As China’s innovation hub and a city of boundless energy, Shenzhen is looking forward – and outward
Amid the soaring glass towers and modern buildings of Shenzhen’s Futian CBD is a rare pocket of idiosyncratic low-rise buildings. The ramshackle structures of Gangxia village are colloquially known as “handshake buildings” after their densely packed formation, meaning neighbors could literally shake hands through the windows.
Crammed full of tiny apartments, independent shops, food stalls and more, the “urban village” is bustling with life and atmosphere, providing affordable accommodation for the massive influx of migrants and low-income workers, a melting pot of street food cuisine from Hunan to Sichuan and a panoply of shops catering to every possible need and want.
This charismatic settlement is one of the last of its kind, a symptom of the rapid changes that have seen Shenzhen turn from a collection of traditional fishing villages with some 30,000 inhabitants to a metropolis of ten million people in less than 40 years.

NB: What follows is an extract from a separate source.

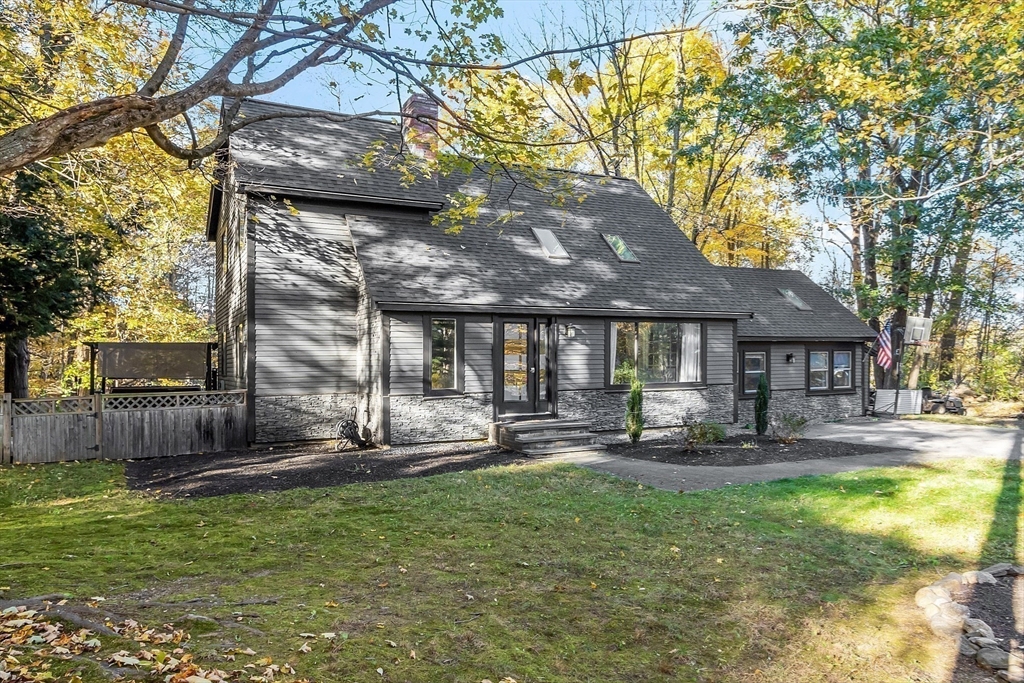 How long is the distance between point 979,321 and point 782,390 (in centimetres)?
1998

However, Ganxia’s days are numbered. Occupying prime space in the heart of Shenzhen, it won’t be long before the burgeoning city absorbs this urban village as it has many others. Happily for the owners of these dilapidated buildings, the payoff will be enough to set them up for life, with property prices in Shenzhen soaring to unheard-of figures.
“We call them billionaire villages,” jokes Grace Huang, marketing communications manager for Hilton Futian. “Property prices here used to be RMB10,000 ($1,510) per square meter, but now they’re RMB100,000 ($15,100). This is the only village left and according to government plans, it will be removed by 2019 or 2020 at the latest.”